(Dataset items)
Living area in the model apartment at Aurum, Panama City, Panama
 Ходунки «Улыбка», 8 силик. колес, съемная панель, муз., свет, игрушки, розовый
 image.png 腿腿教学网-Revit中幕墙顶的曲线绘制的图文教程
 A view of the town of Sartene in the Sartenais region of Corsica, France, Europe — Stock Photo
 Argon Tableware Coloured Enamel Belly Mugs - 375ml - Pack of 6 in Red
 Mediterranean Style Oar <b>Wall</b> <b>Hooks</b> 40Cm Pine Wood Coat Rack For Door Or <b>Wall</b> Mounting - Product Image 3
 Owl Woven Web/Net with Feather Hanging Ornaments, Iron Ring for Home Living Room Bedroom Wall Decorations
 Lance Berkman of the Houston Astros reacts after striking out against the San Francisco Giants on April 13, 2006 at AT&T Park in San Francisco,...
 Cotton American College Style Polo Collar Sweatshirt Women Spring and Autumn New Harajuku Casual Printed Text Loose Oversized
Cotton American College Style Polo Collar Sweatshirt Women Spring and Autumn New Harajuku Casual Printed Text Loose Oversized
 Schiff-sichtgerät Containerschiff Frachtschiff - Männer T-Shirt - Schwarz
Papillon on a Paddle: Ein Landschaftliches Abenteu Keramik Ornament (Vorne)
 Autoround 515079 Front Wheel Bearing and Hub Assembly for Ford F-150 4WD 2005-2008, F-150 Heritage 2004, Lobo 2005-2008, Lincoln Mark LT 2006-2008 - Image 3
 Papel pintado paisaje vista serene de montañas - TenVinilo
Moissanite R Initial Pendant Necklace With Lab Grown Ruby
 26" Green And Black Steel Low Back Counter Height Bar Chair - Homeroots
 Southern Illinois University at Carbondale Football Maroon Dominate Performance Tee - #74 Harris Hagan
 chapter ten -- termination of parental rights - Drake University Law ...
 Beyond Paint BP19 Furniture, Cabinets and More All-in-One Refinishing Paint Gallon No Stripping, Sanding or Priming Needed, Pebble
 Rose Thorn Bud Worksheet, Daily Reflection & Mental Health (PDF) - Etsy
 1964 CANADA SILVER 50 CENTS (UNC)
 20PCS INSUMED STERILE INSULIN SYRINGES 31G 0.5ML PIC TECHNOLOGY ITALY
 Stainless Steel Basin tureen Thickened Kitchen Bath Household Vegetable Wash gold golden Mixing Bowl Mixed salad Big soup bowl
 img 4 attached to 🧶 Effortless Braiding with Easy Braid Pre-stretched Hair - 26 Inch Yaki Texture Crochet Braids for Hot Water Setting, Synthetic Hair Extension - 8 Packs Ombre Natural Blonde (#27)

**Activity**.
Retype each line above with no alterations.

**Task output**.
Living area in the model apartment at Aurum, Panama City, Panama
 Ходунки «Улыбка», 8 силик. колес, съемная панель, муз., свет, игрушки, розовый
 image.png 腿腿教学网-Revit中幕墙顶的曲线绘制的图文教程
 A view of the town of Sartene in the Sartenais region of Corsica, France, Europe — Stock Photo
 Argon Tableware Coloured Enamel Belly Mugs - 375ml - Pack of 6 in Red
 Mediterranean Style Oar <b>Wall</b> <b>Hooks</b> 40Cm Pine Wood Coat Rack For Door Or <b>Wall</b> Mounting - Product Image 3
 Owl Woven Web/Net with Feather Hanging Ornaments, Iron Ring for Home Living Room Bedroom Wall Decorations
 Lance Berkman of the Houston Astros reacts after striking out against the San Francisco Giants on April 13, 2006 at AT&T Park in San Francisco,...
 Cotton American College Style Polo Collar Sweatshirt Women Spring and Autumn New Harajuku Casual Printed Text Loose Oversized
Cotton American College Style Polo Collar Sweatshirt Women Spring and Autumn New Harajuku Casual Printed Text Loose Oversized
 Schiff-sichtgerät Containerschiff Frachtschiff - Männer T-Shirt - Schwarz
Papillon on a Paddle: Ein Landschaftliches Abenteu Keramik Ornament (Vorne)
 Autoround 515079 Front Wheel Bearing and Hub Assembly for Ford F-150 4WD 2005-2008, F-150 Heritage 2004, Lobo 2005-2008, Lincoln Mark LT 2006-2008 - Image 3
 Papel pintado paisaje vista serene de montañas - TenVinilo
Moissanite R Initial Pendant Necklace With Lab Grown Ruby
 26" Green And Black Steel Low Back Counter Height Bar Chair - Homeroots
 Southern Illinois University at Carbondale Football Maroon Dominate Performance Tee - #74 Harris Hagan
 chapter ten -- termination of parental rights - Drake University Law ...
 Beyond Paint BP19 Furniture, Cabinets and More All-in-One Refinishing Paint Gallon No Stripping, Sanding or Priming Needed, Pebble
 Rose Thorn Bud Worksheet, Daily Reflection & Mental Health (PDF) - Etsy
 1964 CANADA SILVER 50 CENTS (UNC)
 20PCS INSUMED STERILE INSULIN SYRINGES 31G 0.5ML PIC TECHNOLOGY ITALY
 Stainless Steel Basin tureen Thickened Kitchen Bath Household Vegetable Wash gold golden Mixing Bowl Mixed salad Big soup bowl
 img 4 attached to 🧶 Effortless Braiding with Easy Braid Pre-stretched Hair - 26 Inch Yaki Texture Crochet Braids for Hot Water Setting, Synthetic Hair Extension - 8 Packs Ombre Natural Blonde (#27)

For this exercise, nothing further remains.